LO QUE ARRANCÓ COMO UNA SOSpecha en torno al posible asesinato de jóvenes desaparecidos en Soacha y reportados como dados de baja en combate en Norte de Santander, ha ocasionado ya el llamado a calificar servicios de 27 oficiales, incluidos tres generales, y ahora la renuncia del general Mario Montoya.

El Espectador
05 de noviembre de 2008 - 11:00 p. m.

Que se tomen acciones contundentes por esta flagrante violación de los derechos humanos es un hecho encomiable que comprueba que el Gobierno acepta que, más allá de unas “manzanas podridas”, la lucha contra la guerrilla terminó por impregnar la política de Seguridad Democrática de una serie de prácticas que, aun en guerra, ningún Estado realmente democrático se puede permitir.

Queda en discusión, por supuesto, hasta dónde llegarán las responsabilidades por esta macabra práctica, incluidas las políticas, si la lista de “descabezados” está completa ya con la caída del propio Comandante del Ejército y, más que nada, si la aplicación de justicia que todos estamos esperando servirá para cambiar de rumbo en la manera de enfrentar la guerra desde el lado institucional. En suma, si la aterradora realidad a la que nos hemos enfrentado va a servir de lección o no.

A lo cual no ayuda, ciertamente, el discurso en el que el presidente Álvaro Uribe aceptó la renuncia del general Montoya, marcado por ambigüedades que difícilmente tienen cabida en un momento tan delicado como el que vive la institución castrense.

Claro, el general Montoya tiene bien ganada su fama de militar efectivo, como quiera que bajo su mando el Ejército consiguió los más grandes éxitos en la batalla contra la guerrilla de las Farc. Eso nadie se lo niega. Pero el martes pasado, al entregar su renuncia irrevocable, el general Montoya estaba asumiendo la responsabilidad por quizás la mayor degradación de la institución castrense en su historia: cambiar vidas humanas por ascensos, honores o por unos días de vacaciones.

No tiene mucha presentación, en ese sentido, que el general Montoya sea alabado en público como ejemplo de transparencia y eficacia, cuando de lo que se trata es precisamente de asumir la responsabilidad militar que el alto oficial tiene por la conducta irregular de los hombres bajo su mando. El mensaje parecería ser que tocó llegar a la purga militar por la presión mediática y del exterior, pero que en realidad la eficacia estaba siendo excepcional. Con lo cual, el espacio para regresar a lo mismo sin haber aprendido lección alguna queda abierto.
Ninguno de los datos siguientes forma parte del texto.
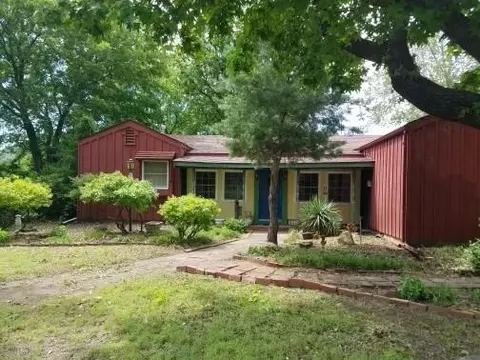 313 E Cheyenne Pl, Bartlesville, OK 74003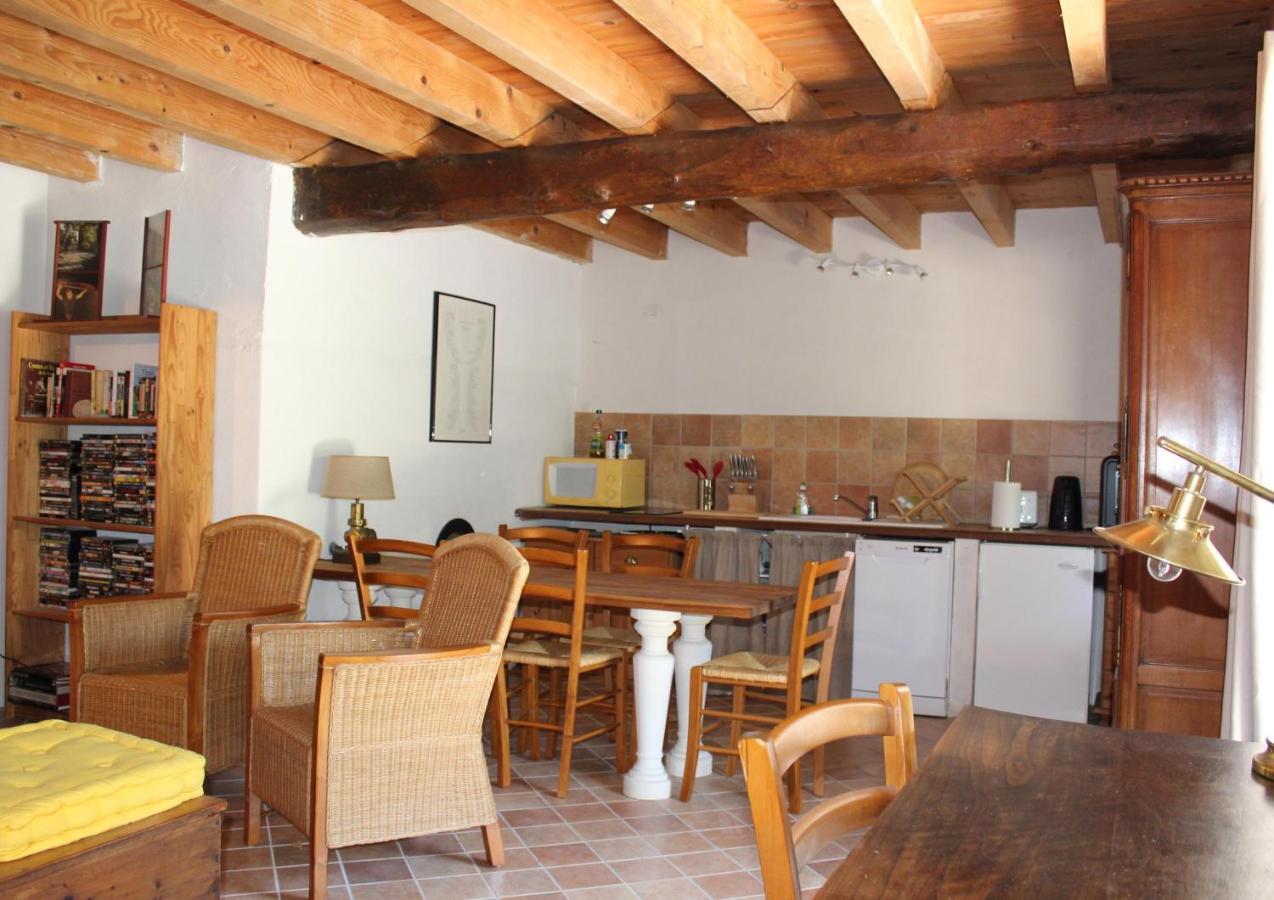 Le Cellier De Beaulieu, Au Pied De La Cite, Maison De Vacances Avec Climatisation Et Jacuzzi Carcassonne Exteriör bild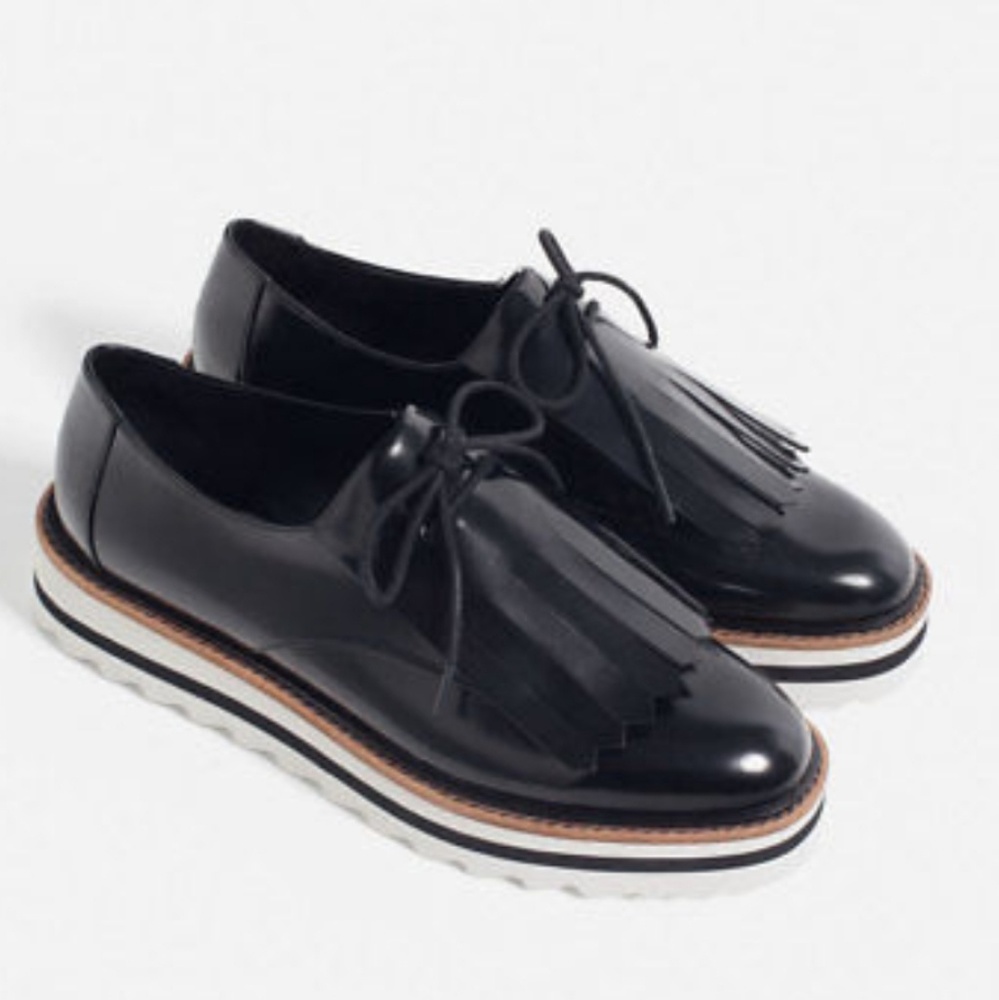 Zara Lace Up Tasseled Oxford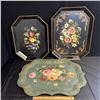 Image 1 : LOT OF 3 SERVING TRAYS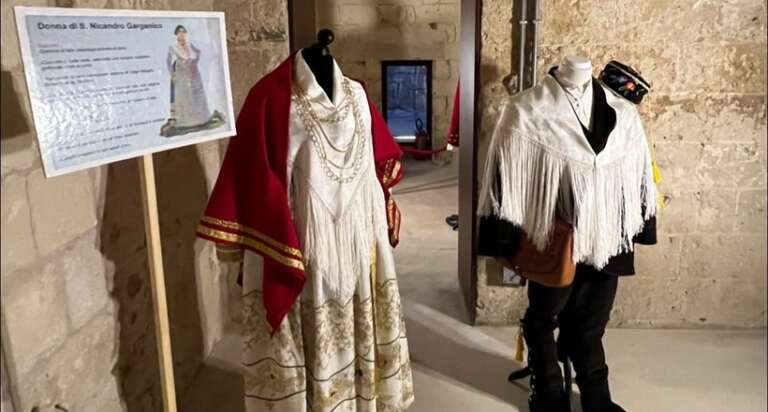 OTRANTO: ALLA MOSTRA DEGLI ABITI STORICI PRESENTI ANCHE “LA PACCHIANA E IL PASTORE”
No deja de preocupar por lo mismo —si bien sus declaraciones fueron en un contexto muy diferente— el recuento publicado ayer por El Tiempo de la posición que tenía el nuevo comandante del Ejército, general Óscar Enrique González, en 2006, cuando dirigía la polémica Séptima División del Ejército, sobre los “falsos positivos”. Los consideraba entonces —vaya uno a saber si todavía— como parte de una guerra “político-jurídica” de la guerrilla contra el Ejército. Teoría que el propio Ministro de Defensa ha retomado en estos días, para anunciar que “los casos de muertes extrajudiciales no son de la magnitud que el país piensa” y que, por el contrario, muchos son obra de una política orquestada por las Farc.

Muy grande luce, pues, la distancia entre las decisiones enérgicas para enfrentar esta crisis y el discurso más bien complaciente. Si realmente hay un deseo profundo de parte del Gobierno en reconocer que los derechos humanos son algo más que un obstáculo para hacer la guerra, no es hora de incurrir en eufemismos y declaraciones ambiguas. El compromiso con los derechos humanos está en mora de convertirse en una política de largo aliento que permita reencauzar la Seguridad Democrática que con tanto ahínco se defiende y cuyos resultados operativos todos celebramos. Si el moderado cambio del Gobierno es sólo obra de la coyuntura, los escándalos y la presión internacional de los demócratas estadounidenses, en poco o nada habremos avanzado.